Fehlende Gewinnerzielungsabsicht zeigt sich, wenn keine positiven Einkünfte erwartet werden oder persönliche Gründe für den Erwerb vorlagen. Steuerliche Vorteile durch Verkaufsverluste bedeuten nicht automatisch fehlende Gewinnerzielungsabsicht, sondern könnten einen Gestaltungsmissbrauch gemäß § 42 AO anzeigen.
Die Gewinnerzielungsabsicht bezieht sich auf die gesamte Beteiligung an der Gesellschaft. Der BFH meint, dass eine Betrachtung jedes einzelnen verkauften Anteils nicht zulässig ist.

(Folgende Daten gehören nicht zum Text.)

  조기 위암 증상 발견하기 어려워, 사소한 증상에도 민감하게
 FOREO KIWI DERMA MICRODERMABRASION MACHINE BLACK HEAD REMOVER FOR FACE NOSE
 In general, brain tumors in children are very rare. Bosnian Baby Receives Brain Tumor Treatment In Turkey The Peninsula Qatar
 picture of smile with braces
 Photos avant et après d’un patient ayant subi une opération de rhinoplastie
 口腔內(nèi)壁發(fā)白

Im diskutierten Fall waren von den 26.300 € Verkaufserlös Anschaffungskosten von 501.300 € abzuziehen. Ein über den Verkehrswert hinausgehender Betrag ist keine verdeckte Einlage.
Das zusätzlich von K gezahlte Aufgeld musste nicht auf alle ihre Anteile verteilt werden. § 17 Abs. 2a Satz 5 EStG, der dies vorsieht, gilt erst für spätere Veräußerungen (nach dem 31.07.2019).
Der BFH sah die Zahlung des Aufgelds und den späteren Verkauf an den Ehemann nicht als rechtlichen Gestaltungsmissbrauch an. Grundsätzlich steht es einem Steuerzahler frei, wann und an wen er Anteile verkauft.
Hinweis für die Praxis:
Der BFH hat klargestellt, dass die Gewinnerzielungsabsicht sich auf die gesamte Beteiligung bezieht. Eine Betrachtung jedes einzelnen verkauften Anteils ist nicht zulässig. Das für einen Anteil gezahlte Aufgeld erhöht seine Anschaffungskosten, auch wenn diese den Verkehrswert übersteigen. Dies gilt zumindest bis zum 31.07.2019. Ein bewusster Verlust durch den Verkauf eines GmbH-Anteils mit übersteigenden Anschaffungskosten ist nicht zwangsläufig rechtsmissbräuchlich gemäß § 42 AO.
BFH-Urteil vom 03.05.2023 – IX R 12/22.